* [What you are asked to do] Nothing beyond the line containing "Audi Q7 3.0V6* 92000Км* 2018* , снимка 4" is to be printed; print exactly each line from the start of the records below through that line, leaving out pictures.

Image-text web data
--*--
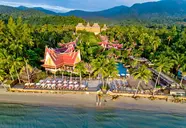 Santhiya Koh Chang Resort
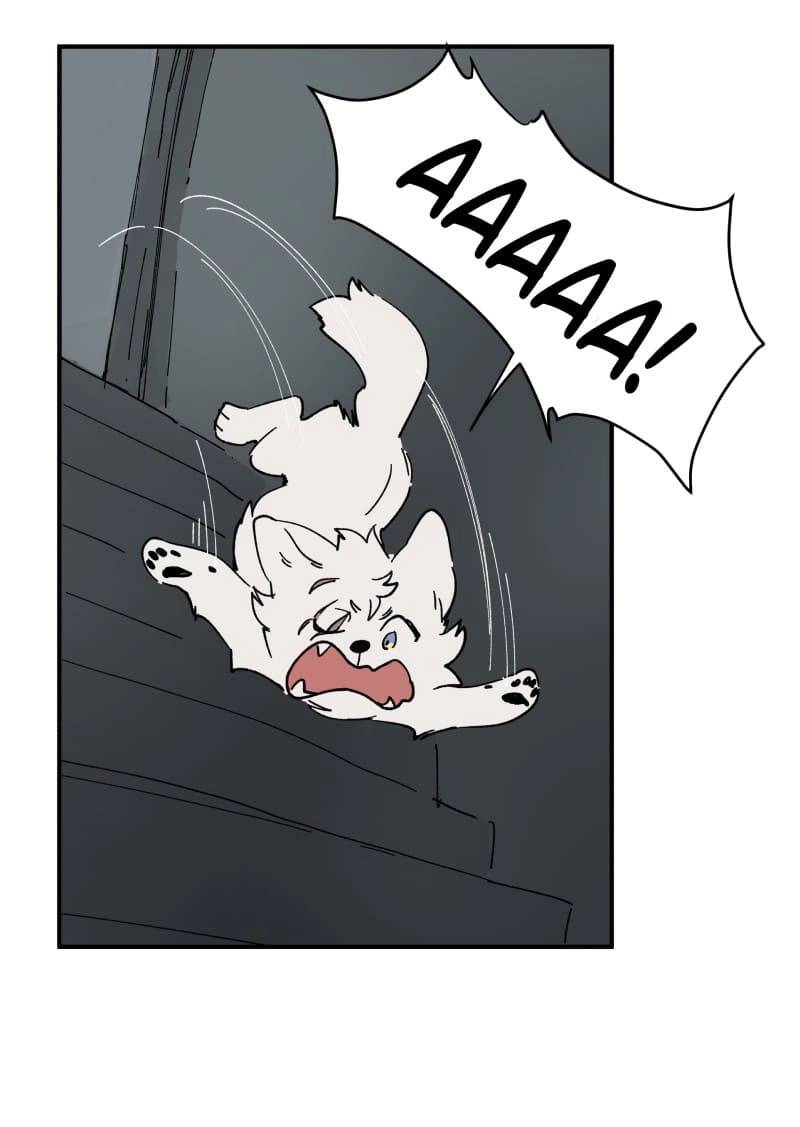 Lumine Chapter 154 - 31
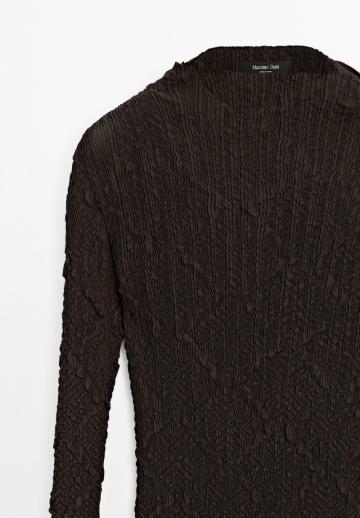 Платье макси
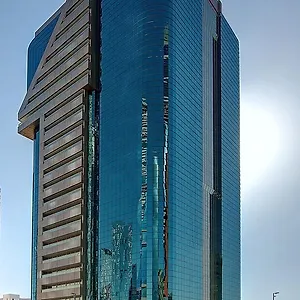 Number One Tower Verenigde Arabische Emiraten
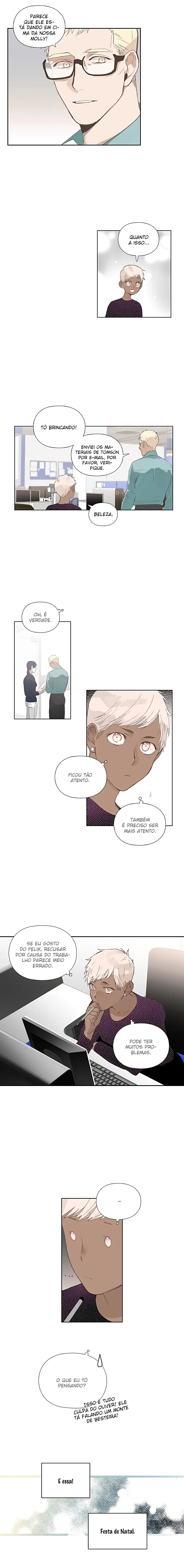 Loplop – Capítulo 31 Yaoi – Página 7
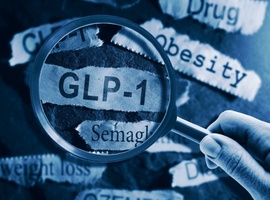GLP-1-receptoragonisten in de dermatologie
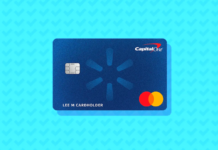 Tarjeta de crédito de Walmart: Cómo aplicar, beneficios, tasas de interés, y más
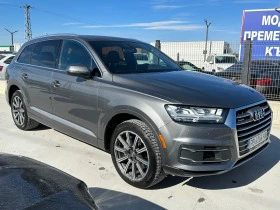 Audi Q7 3.0V6* 92000Км* 2018* , снимка 4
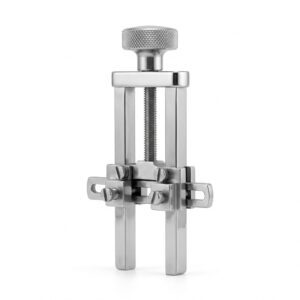 Charnley Bone Compression Retractor Set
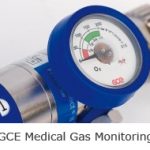 GCE Medical Gas Monitoring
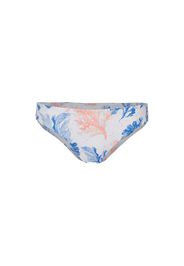 O'NEILL Pantaloncini per bikini 'Rita'  blu / bianco / salmone / corallo / blu chiaro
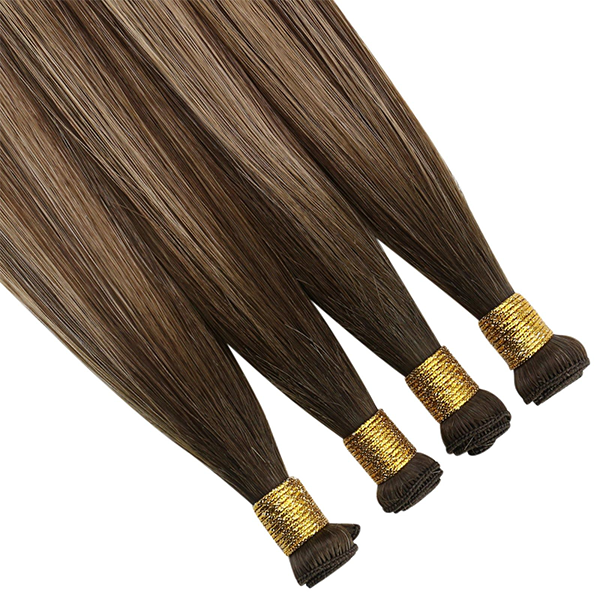 Raw Vietnamese Wholesale Hair Extension Top Grade Cuticle Intact Hair for Salon
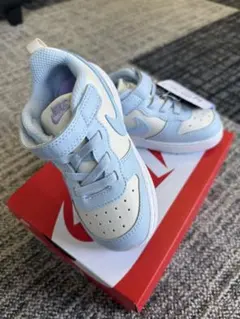 NIKE COURT BOROUGH LOW 8Cのサムネイル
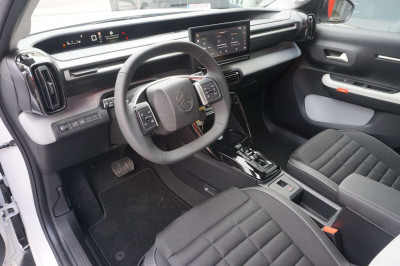 Citroën C3 Aircross Vorführwagen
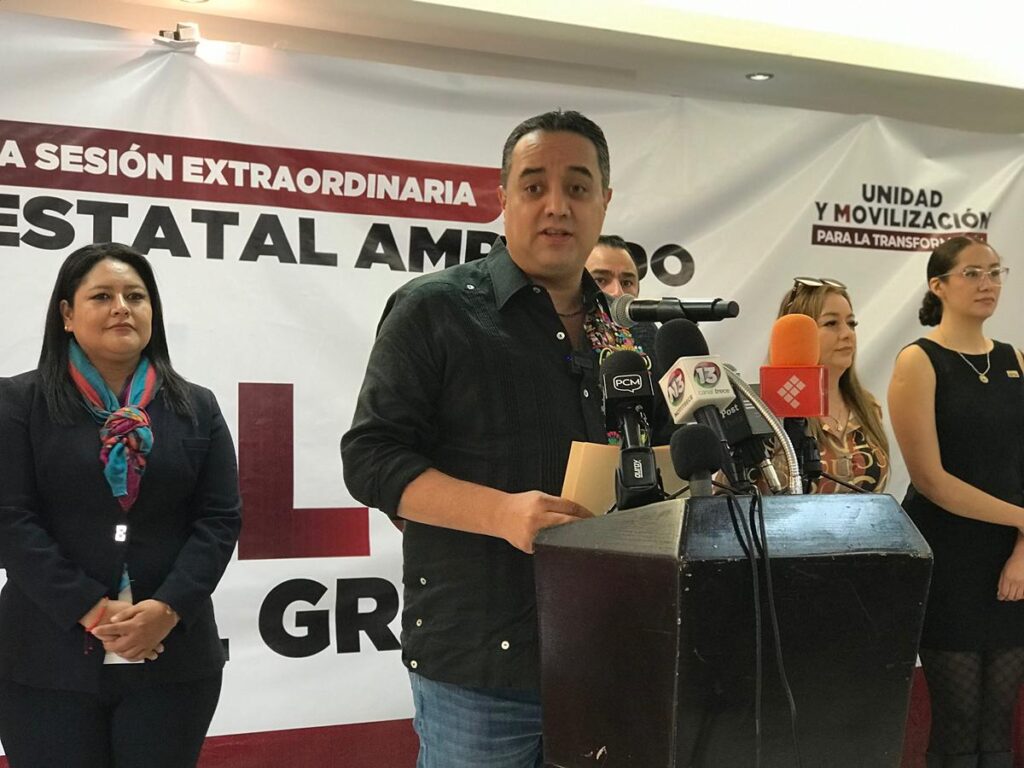 Celis adelanta que en Congreso de Michoacán ya no habrá pago por evento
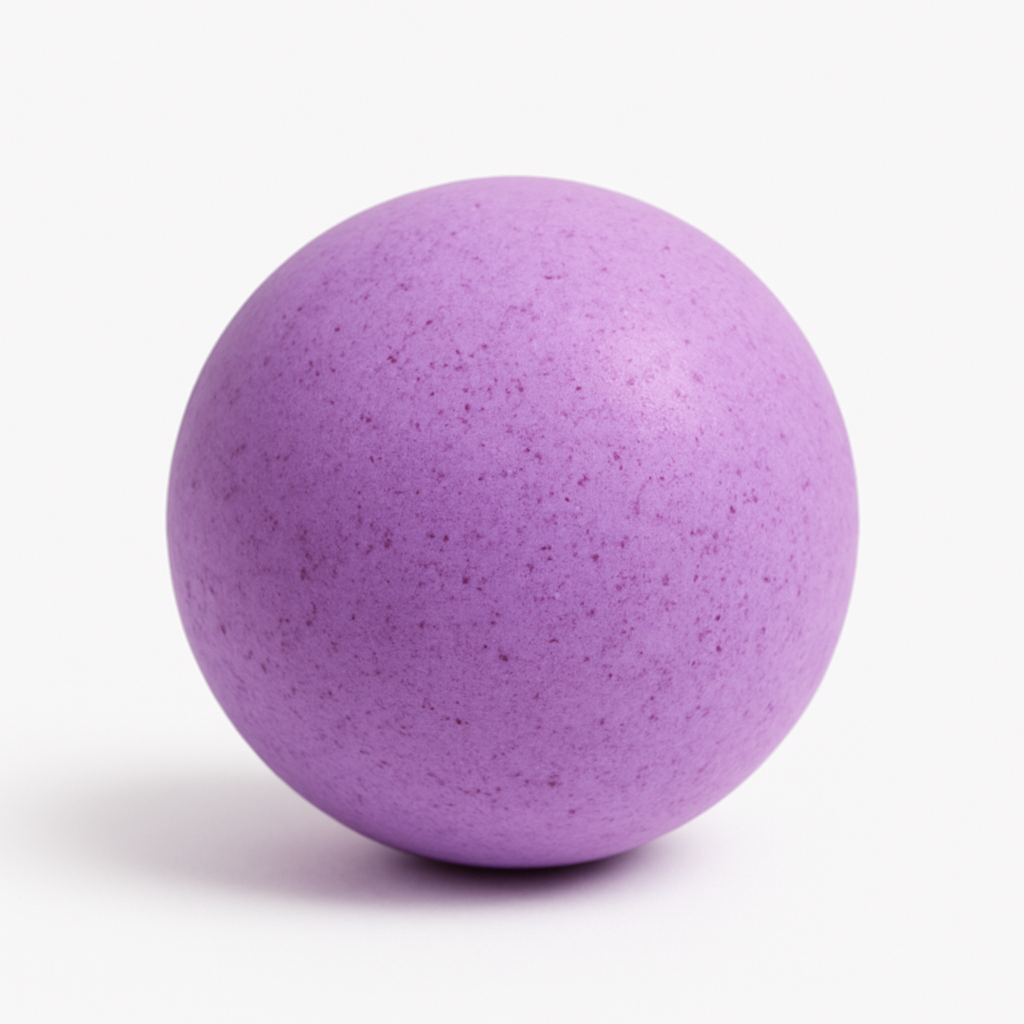 Bathbomb - 6 Pcs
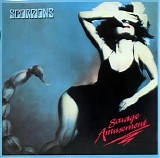 Scorpions - Savage Amusement [Remastered 2001]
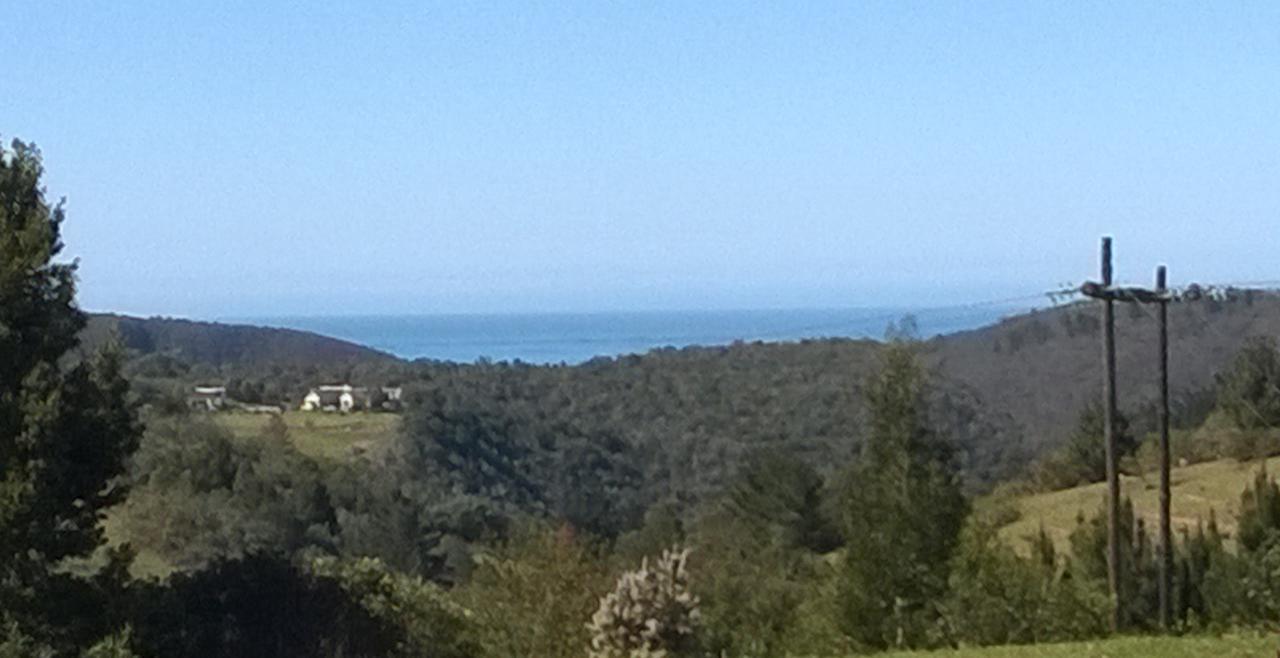 The Crags Green Hills Forest Lodge מראה חיצוני תמונה
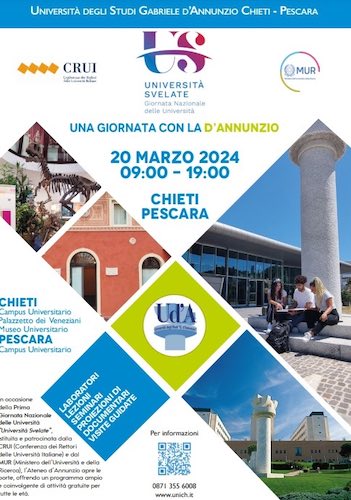 Giornata delle Università Italiane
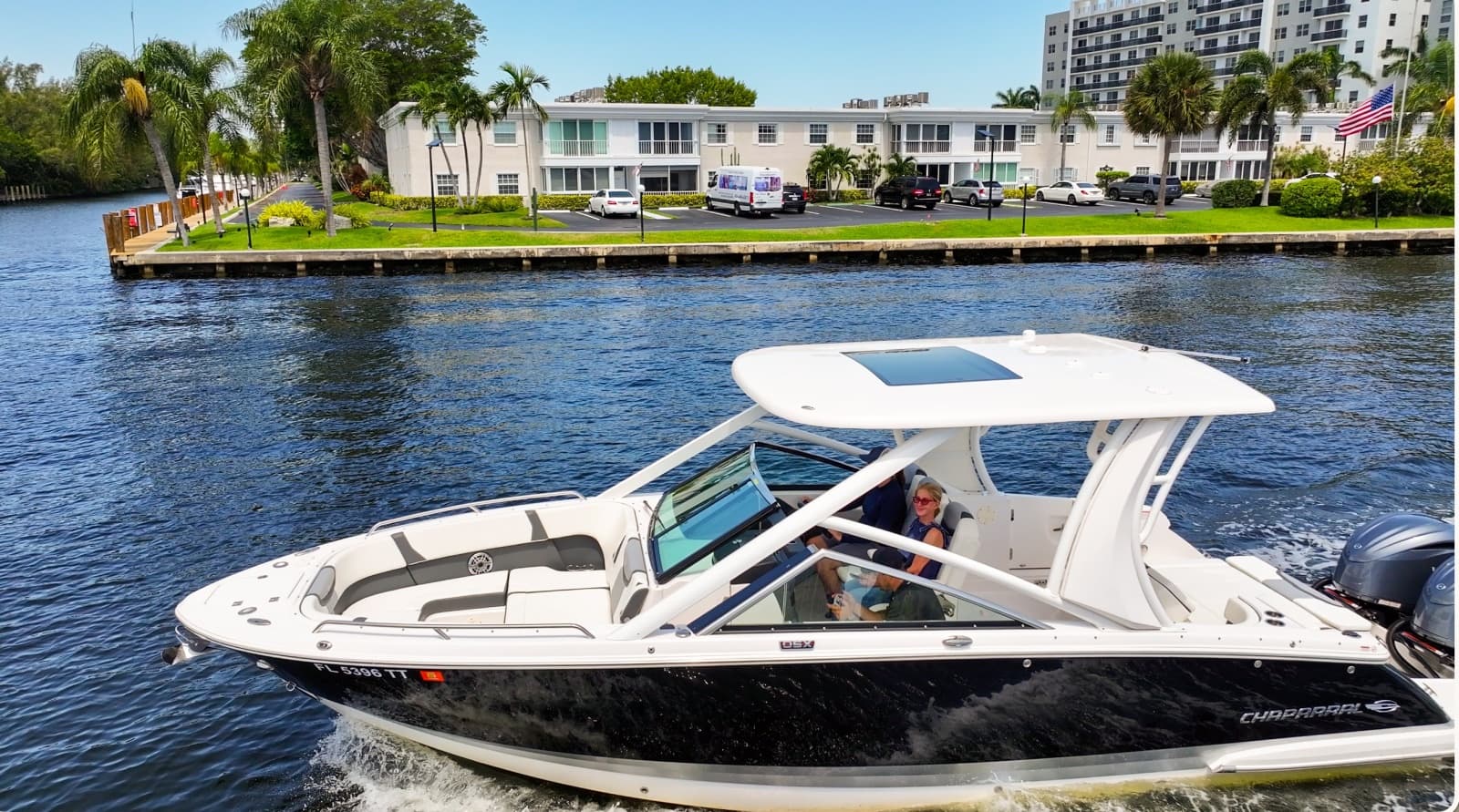 2023 Chaparral 280 OSX - Photo 12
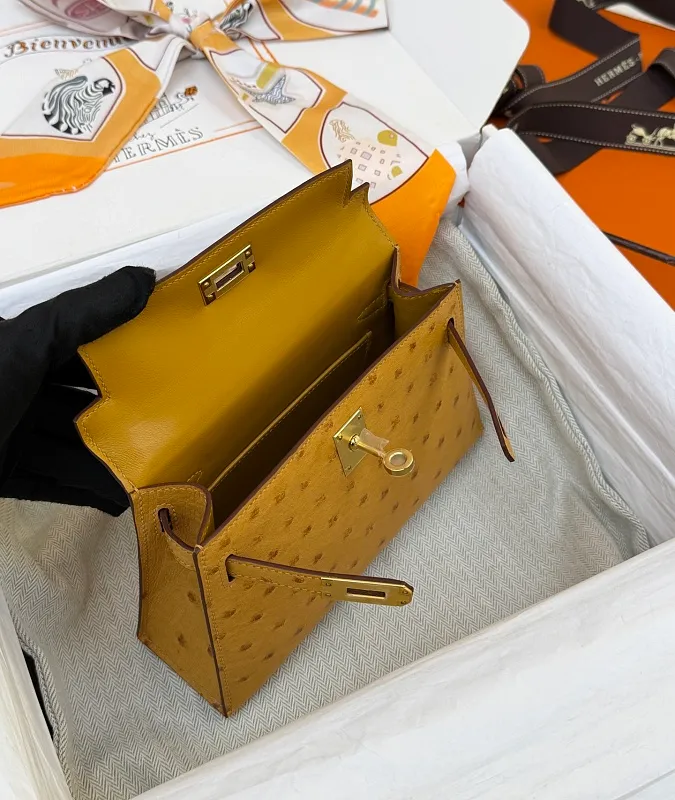 All categories Hermès women's bags (Hermès) Hermès 1919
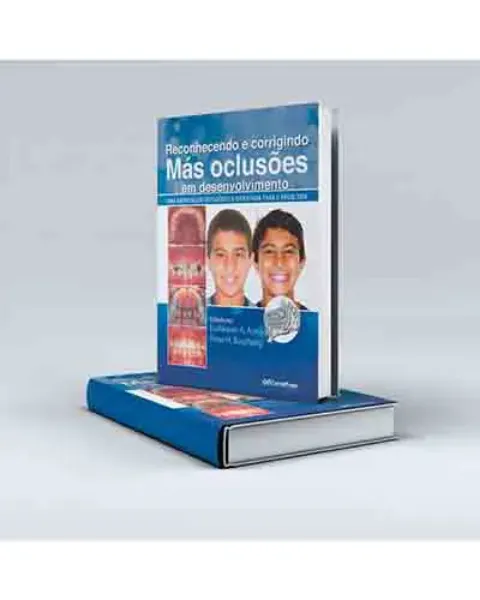 Imagem de Reconhecendo e Corrigindo Más Oclusões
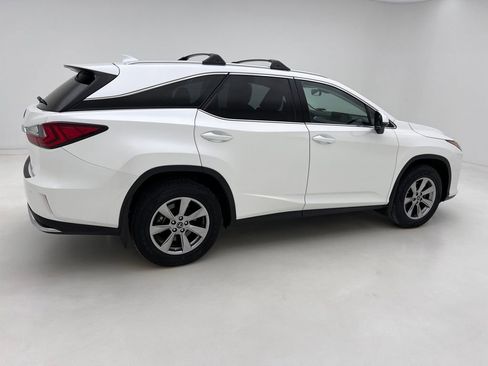 Used 2019 Lexus RX 350L 350L image 10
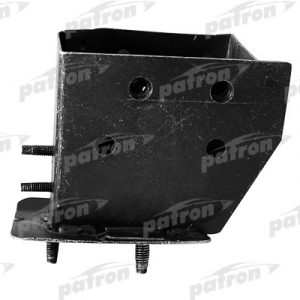 Кронштейн усилителя переднего бампера левый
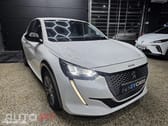 Peugeot E-208 50 kWh Allure Pack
--*--
* [Solution below]
 Santhiya Koh Chang Resort
 Lumine Chapter 154 - 31
 Платье макси
 Number One Tower Verenigde Arabische Emiraten
 Loplop – Capítulo 31 Yaoi – Página 7
GLP-1-receptoragonisten in de dermatologie
 Tarjeta de crédito de Walmart: Cómo aplicar, beneficios, tasas de interés, y más
 Audi Q7 3.0V6* 92000Км* 2018* , снимка 4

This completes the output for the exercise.